My head was fucking rolling.  I was in contact with the Super’s office, the Executive Administrator of Secondary Education, the liaison, the whole damn district.  I was deflected.  I was not allowed to speak with the Superintendent.  I was lied to.  And my child was put right back in harm’s way.  All for a juvenile sex offender’s Due Process rights and a lousy $6900 in foundation allowance money for the district.  
I was told that the perpetrator had rights and that the kid denied all charges and that it was my child’s word against the other student’s word.  I was told the school could only discipline after investigating, which they said in no uncertain terms would involve them interviewing other students and asking them if they had seen what happened to my child—yes, they actually threatened to tell other middle school students my child’s name—all for due fucking process.  

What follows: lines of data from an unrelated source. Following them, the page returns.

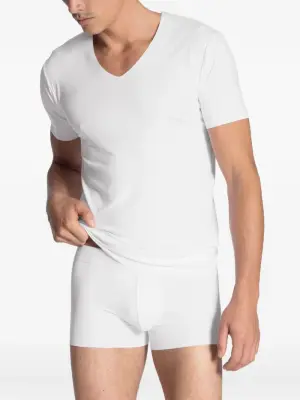 Футболка с короткими рукавами и V-образным вырезом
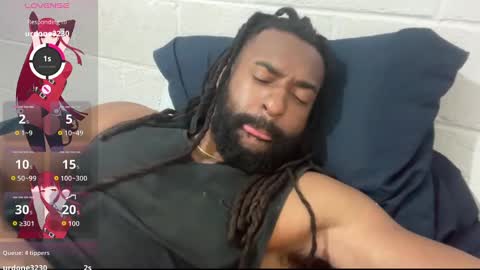 John Gabbana online show from September 29, 2025, 5:56 am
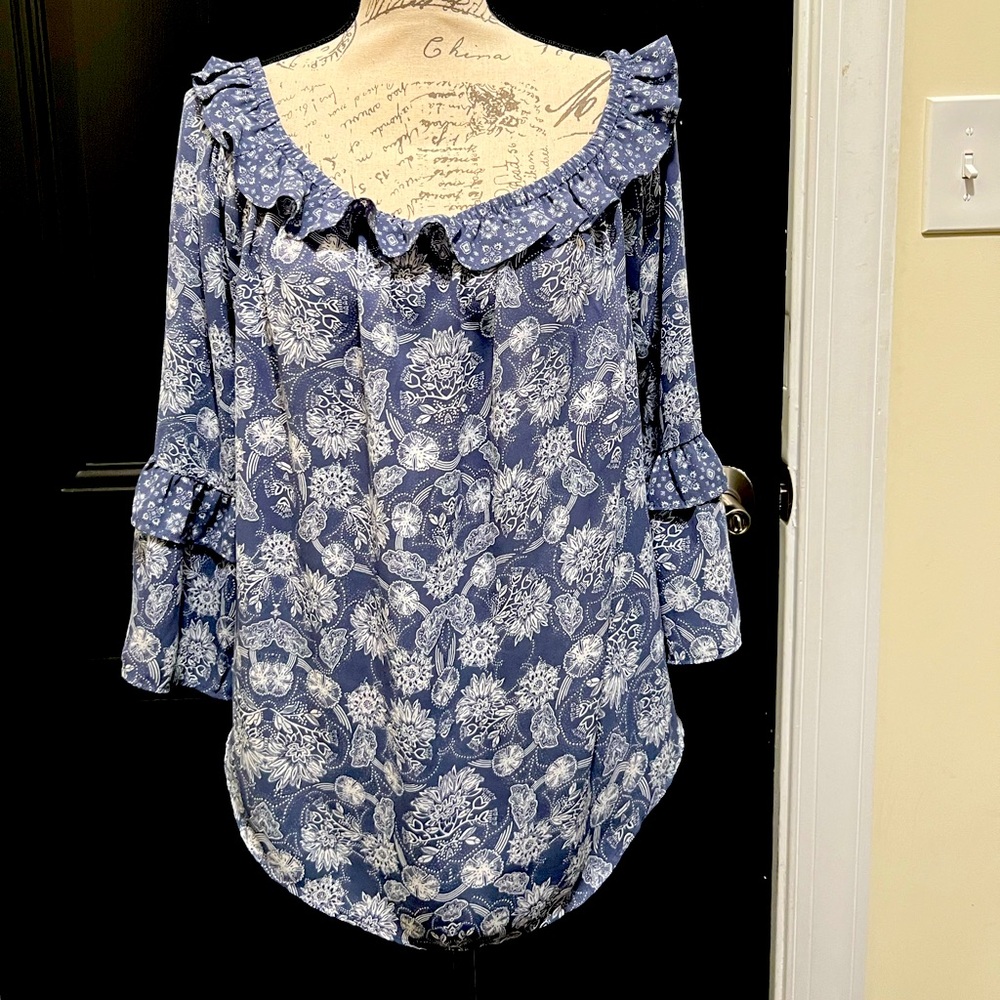 GAP Large Floral Ruffle Women's Top - Blue and White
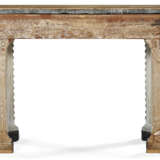 A PAIR OF NORTH ITALIAN GREY-PAINTED CONSOLE TABLES - Foto 5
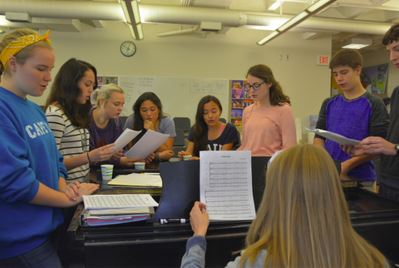 Junior Anna Biggs plays the piano as students practice singing during their first practice; “They’re really doing it themselves,” student group advisor Anne Klus said while watching the group practice. 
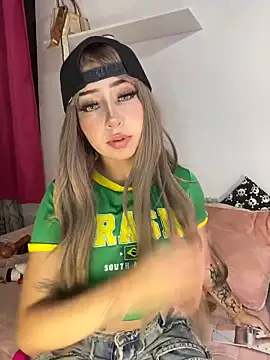 Snapshot of lunaapppp chatting on 02.24.26 lunaapppp online show from 02.24.26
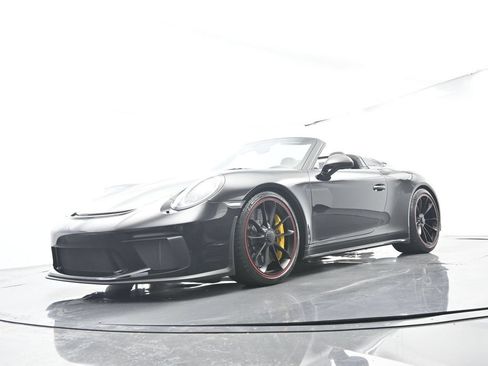 Certified 2019 Porsche 911 Speedster RWD image 56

What about due diligence, I asked. I demanded to know whose job it was to approve school choice applications,  how these transferring students are vetted, and why this district wasn’t keeping children safe.  I was told, and I quote, that if I didn’t like school of choice then I should “take it to Lansing.”  Holy shit—really?!  Been there.  Done that.  Would you like to see pictures?!?
So on it went, that is, right up until my constant pressure forced the school to look at surveillance video and they found not one, but two separate pieces of video evidence catching the perpetrator right in the act of criminally sexually assaulting my child.  Yes, you read that right—we now had irrefutable proof.
The student was suspended for ten days.  Not expelled, even though Michigan state law requires that A) Criminal Sexual Conduct is cause for immediate expulsion for up to 180 days B) the school should notify the authorities (they didn’t, I did) and C) the district school board of education must be notified.  
I demanded to know why the student wasn’t expelled.  I was told it couldn’t be arbitrary.  I was told “fraud” and “assault of a staff” were both reasons to expel, but “not this sort of thing” and “not something like this”.  What about assault of a student??  They said they  needed proof.  Well, they already had it.  So what it really came down to was the district maintained that it was not CSC, they continued to act as though it was harassment and disciplined the offender as such under the school board and student code of conduct harassment codes.
At that point summer break started, and it was then that the county prosecutor approved and filed three charges of 2cd Degree Criminal Sexual Conduct against the offender.  I spent a long, difficult summer helping my child heal and providing all of the love and all of the professional support needed to get her through this.  I was notified in late August (by the court assigned Crime Victim’s Advocate, NOT the school) that the perpetrator was voluntarily no longer enrolled in my district and that there was a strict no contact order in place.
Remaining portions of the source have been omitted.